Microtargeting: subjetividade como alvo

“Todos nós somos pequenos alvos a serem atingidos diariamente a partir daquilo que é chamado de pontos de contato, que são as formas pelas quais, a partir da nossa interação, nós nos deixamos revelar pela interface amigável”. A partir das falas e dos exemplos trazidos por Ramusyo, podemos pensar no encontro como um convite a perceber que esses pontos de contato entre nós e as imagens sempre existiram e sempre pautaram formas de controle e criação de visões de mundo.. No contexto do microtargeting, entendido como estratégia de marketing direcionado a partir de dados digitais colhidos anteriormente, o que acontece é que a interface precisa se articular muito pouco para que o controle tenha êxito: somos nós que instrumentalizamos a interface o tempo todo.

Ramusyo Brasil menciona o reconhecimento a partir de imagens, os cookies, os dados que, sem muito critério, aceitamos ceder ao nos cadastrarmos em algum site ou plataforma, a realidade aumentada, as redes sociais que recebem imagens produzidas por nós o tempo todo, os aplicativos de encontro que mapeiam desejos e padrões de interação afetiva, as imagens capturadas pelas câmeras dos nossos laptops.
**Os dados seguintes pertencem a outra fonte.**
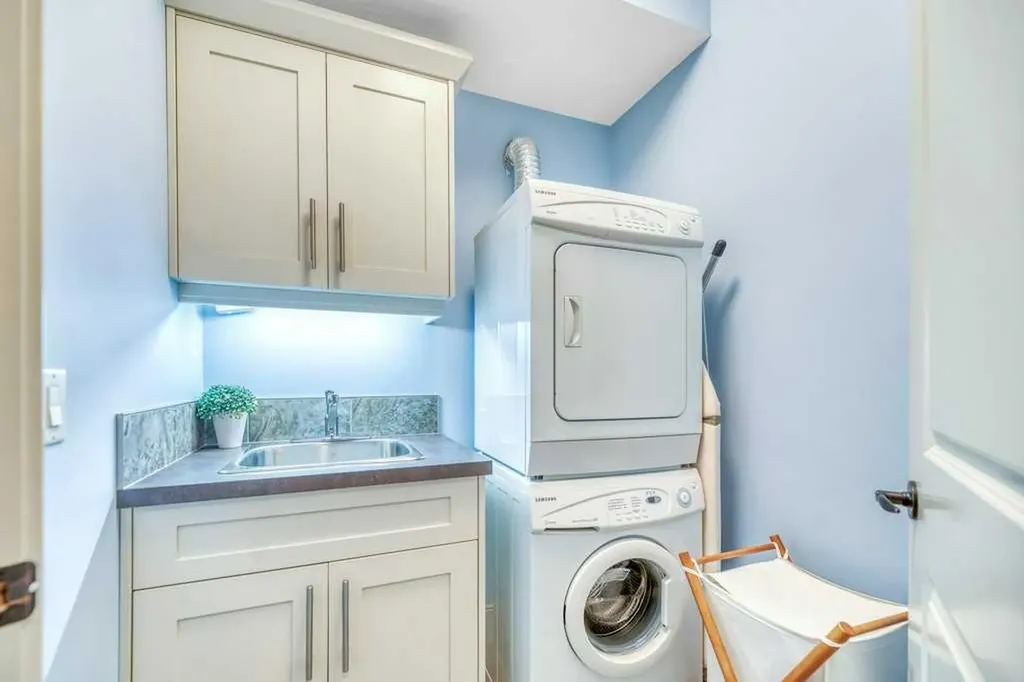 377 Evergreen Circle SW Calgary AB T2Y 0B8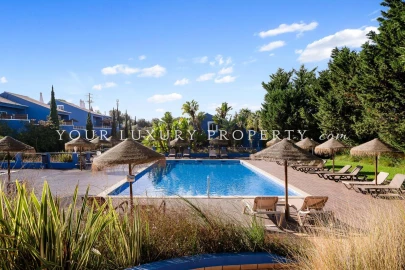 Apartamento T47 para Venda em Lagos (São Sebastião e Santa Maria)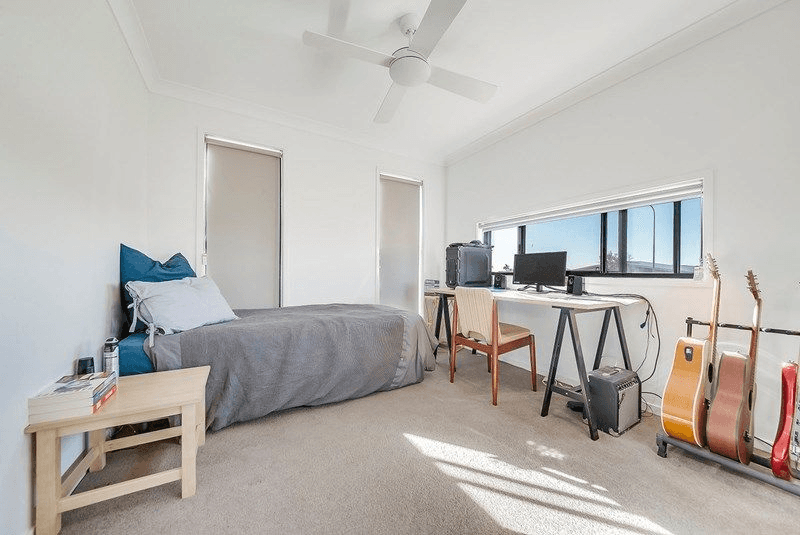 18 HOOP AVE, HIDDEN VALLEY, QLD 4703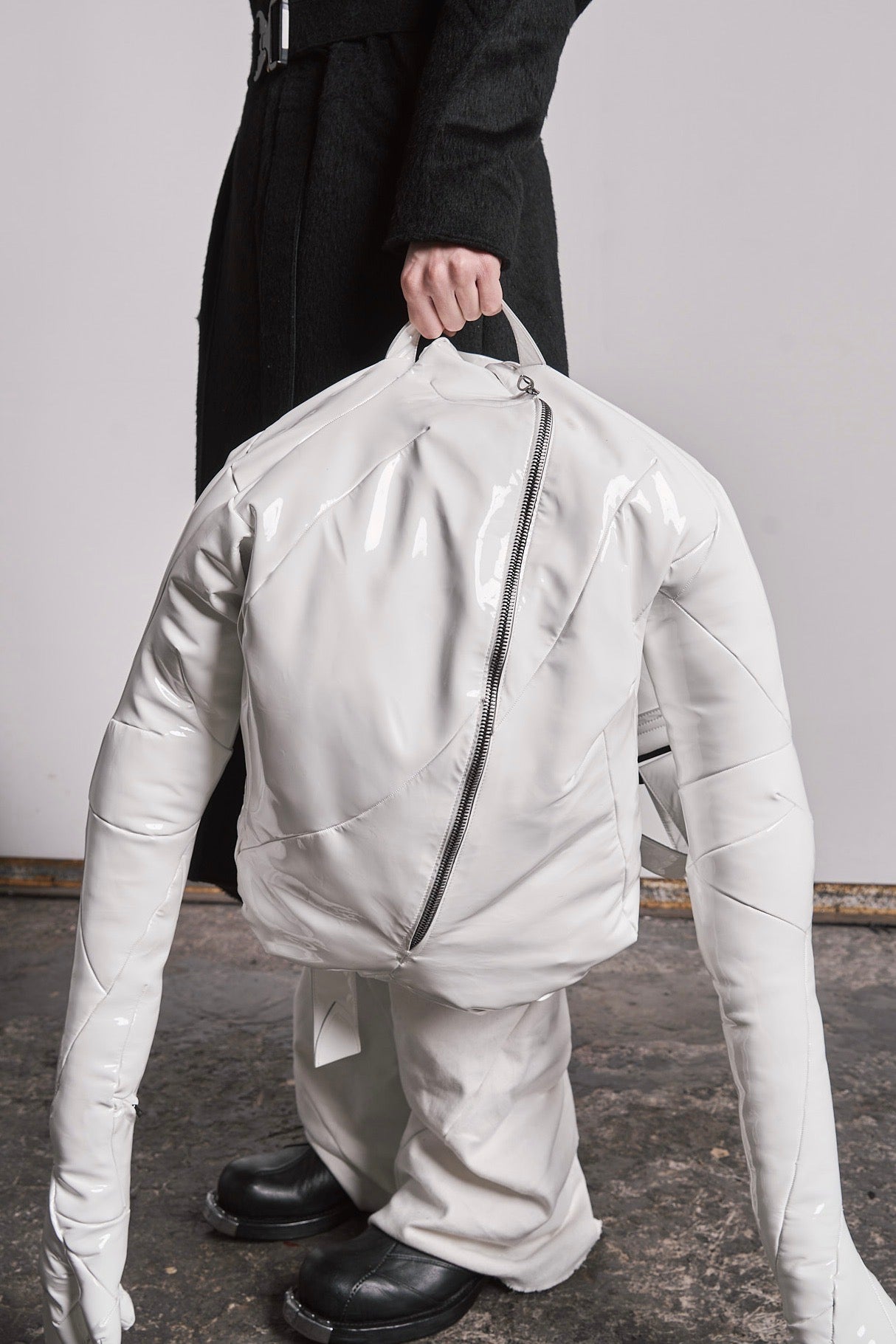 DISTORTION TORSO BACKPACK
Ele nos convida a pensar sobre como as redes se moldaram a partir da análise de perfis psicológicos, individuais e comunitários, usando-os como subsídio para lidar com as complexas formas do social, introduzindo discursos que, de forma aparentemente não intencional, parecem ir ao encontro das complexidades e contradições próprias aos regimes democráticos.

Finalmente, Ramusyo Brasil nos desafia a pensar em como uma educação para as imagens pode complexificar nossas relações com o microtargeting. Aprender a ler uma imagem, assim como a compreender os efeitos e discursos que estão por trás da sua concepção, poderia nos tornar alvos mais difíceis? Como poderíamos subverter o circuito de circulação e influência das imagens em direção a um escape, mesmo que temporário, precário, mas capaz de oferecer formas mais críticas e sobretudo poéticas de lidar com as interfaces? Que imagens de nós mesmos podemos produzir para embaralhar a lógica que nos vê como alvos? O encontro com Ramusyo Brasil certamente não responde a essas perguntas, mas aponta a regiões de nossa vida social em que elas aparecem e se tornam urgentes.

Ao fim da conversa, testemunhamos um chat repleto de participações do público, trazendo questões e reações que demonstravam certa surpresa em relação ao que havia sido apresentado pelo convidado. Certamente, uma das pré condições da efetividade do controle a partir da imagem é esse constante estado de sono e vigília a que estamos condicionados, bem agora, diante de nossos computadores, celulares, e aplicativos – interfaces às quais nossas subjetividades estão fatalmente combinadas.